Monday, March 2, 2009

About Buddhism


Buddhism is the practise of being a Buddha.

A Buddha is a living entity manifesting God or the Divine Force.

A Buddha is aware of the Divine Force inside and that Divine Force imbues every thought and deed.

Buddhas are gods.

Gods are not worshipped – there is no need for worship – gods are equal to all others. They are Buddhas only because they are aware of their own Divine Force.

Gods are leaders. They lead by passive example, not by physical action.

Buddhas teach when others ask them to teach, but they do not instruct. They allow others the right to live their lives as they please, unless they ask for guidance. Then, they share wisdom, not advice.

We can all be Buddhas.

To do so, we need to understand that we are all gods. We are all living entities manifesting Divine Force, or God.

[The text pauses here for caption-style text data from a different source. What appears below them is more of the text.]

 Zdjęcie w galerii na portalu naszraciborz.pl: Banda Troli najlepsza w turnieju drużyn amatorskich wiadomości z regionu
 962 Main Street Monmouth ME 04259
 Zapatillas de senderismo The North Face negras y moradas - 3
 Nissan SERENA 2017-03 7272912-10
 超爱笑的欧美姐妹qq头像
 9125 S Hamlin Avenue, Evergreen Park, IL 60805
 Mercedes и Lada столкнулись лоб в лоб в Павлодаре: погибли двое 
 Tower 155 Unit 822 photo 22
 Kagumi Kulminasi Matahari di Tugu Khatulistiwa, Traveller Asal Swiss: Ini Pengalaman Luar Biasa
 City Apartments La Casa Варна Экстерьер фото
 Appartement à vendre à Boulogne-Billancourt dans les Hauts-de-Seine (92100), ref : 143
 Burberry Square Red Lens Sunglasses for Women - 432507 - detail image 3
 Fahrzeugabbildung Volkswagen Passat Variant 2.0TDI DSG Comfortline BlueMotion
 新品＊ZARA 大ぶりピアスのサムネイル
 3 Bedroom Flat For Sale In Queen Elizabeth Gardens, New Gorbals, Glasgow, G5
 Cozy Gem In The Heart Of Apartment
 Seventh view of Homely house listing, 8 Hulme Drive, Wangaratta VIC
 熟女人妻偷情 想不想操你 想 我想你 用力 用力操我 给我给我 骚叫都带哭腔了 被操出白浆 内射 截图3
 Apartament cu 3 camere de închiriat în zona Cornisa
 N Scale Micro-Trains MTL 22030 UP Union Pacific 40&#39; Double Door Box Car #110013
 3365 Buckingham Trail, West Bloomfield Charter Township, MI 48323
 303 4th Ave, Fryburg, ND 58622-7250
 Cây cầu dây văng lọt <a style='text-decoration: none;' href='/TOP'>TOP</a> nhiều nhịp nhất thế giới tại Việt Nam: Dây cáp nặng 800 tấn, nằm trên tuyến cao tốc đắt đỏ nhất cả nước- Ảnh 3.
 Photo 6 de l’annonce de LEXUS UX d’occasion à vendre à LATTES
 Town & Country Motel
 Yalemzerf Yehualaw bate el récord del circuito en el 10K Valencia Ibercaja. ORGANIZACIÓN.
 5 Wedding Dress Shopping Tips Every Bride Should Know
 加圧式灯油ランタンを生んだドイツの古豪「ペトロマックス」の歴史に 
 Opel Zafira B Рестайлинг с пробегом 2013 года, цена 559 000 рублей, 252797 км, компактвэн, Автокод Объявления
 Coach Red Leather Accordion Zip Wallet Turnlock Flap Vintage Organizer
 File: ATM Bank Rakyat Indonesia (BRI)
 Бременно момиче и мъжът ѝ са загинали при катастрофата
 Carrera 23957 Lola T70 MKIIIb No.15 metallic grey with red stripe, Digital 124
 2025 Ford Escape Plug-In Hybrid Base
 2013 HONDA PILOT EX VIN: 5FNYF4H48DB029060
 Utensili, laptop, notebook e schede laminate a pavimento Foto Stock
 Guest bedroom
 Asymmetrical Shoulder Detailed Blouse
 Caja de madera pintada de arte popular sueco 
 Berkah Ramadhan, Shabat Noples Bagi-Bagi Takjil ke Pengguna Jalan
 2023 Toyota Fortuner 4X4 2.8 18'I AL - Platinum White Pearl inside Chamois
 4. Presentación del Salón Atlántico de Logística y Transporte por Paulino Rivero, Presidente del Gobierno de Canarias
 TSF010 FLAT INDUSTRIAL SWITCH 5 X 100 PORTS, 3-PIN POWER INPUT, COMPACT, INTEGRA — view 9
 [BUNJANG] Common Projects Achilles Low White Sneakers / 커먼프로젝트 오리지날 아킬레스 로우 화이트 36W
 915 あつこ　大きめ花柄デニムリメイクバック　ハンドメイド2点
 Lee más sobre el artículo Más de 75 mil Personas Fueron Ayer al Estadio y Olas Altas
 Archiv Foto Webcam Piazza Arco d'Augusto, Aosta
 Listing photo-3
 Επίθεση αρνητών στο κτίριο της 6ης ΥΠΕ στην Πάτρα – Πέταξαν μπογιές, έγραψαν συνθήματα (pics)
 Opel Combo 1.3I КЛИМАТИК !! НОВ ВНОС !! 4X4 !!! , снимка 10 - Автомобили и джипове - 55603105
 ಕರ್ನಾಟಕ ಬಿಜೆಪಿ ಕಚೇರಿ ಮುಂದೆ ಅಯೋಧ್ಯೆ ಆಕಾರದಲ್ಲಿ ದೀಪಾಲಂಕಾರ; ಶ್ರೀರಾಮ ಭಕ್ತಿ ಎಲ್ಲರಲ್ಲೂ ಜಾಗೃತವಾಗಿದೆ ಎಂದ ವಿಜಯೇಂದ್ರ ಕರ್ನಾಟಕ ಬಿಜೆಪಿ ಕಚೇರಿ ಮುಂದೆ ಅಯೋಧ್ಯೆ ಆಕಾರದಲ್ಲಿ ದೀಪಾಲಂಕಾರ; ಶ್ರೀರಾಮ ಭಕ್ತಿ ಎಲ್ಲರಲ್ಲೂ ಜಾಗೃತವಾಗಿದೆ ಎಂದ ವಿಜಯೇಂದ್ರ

As gods, we are separate to the physical world our bodies live in.

Our minds are apart from the daily travails. Our emotions are guided by our knowledge of ourselves, as gods.

Our intellect is directed by the knowledge that, as gods, the travails of this world, and of any world, are temporal, ephemeral, and passing.

As gods, we understand that pain and suffering is part of the experience of the physical world. We understand that joy and elation is also part of the physical world – but, to allow ourselves to experience any of these, we open ourselves to pain and suffering as well.

This is the tenet of the Middle Path – that to avoid pain and suffering, we do not allow ourselves to become emotionally or intellectually invested in any moment or any thing.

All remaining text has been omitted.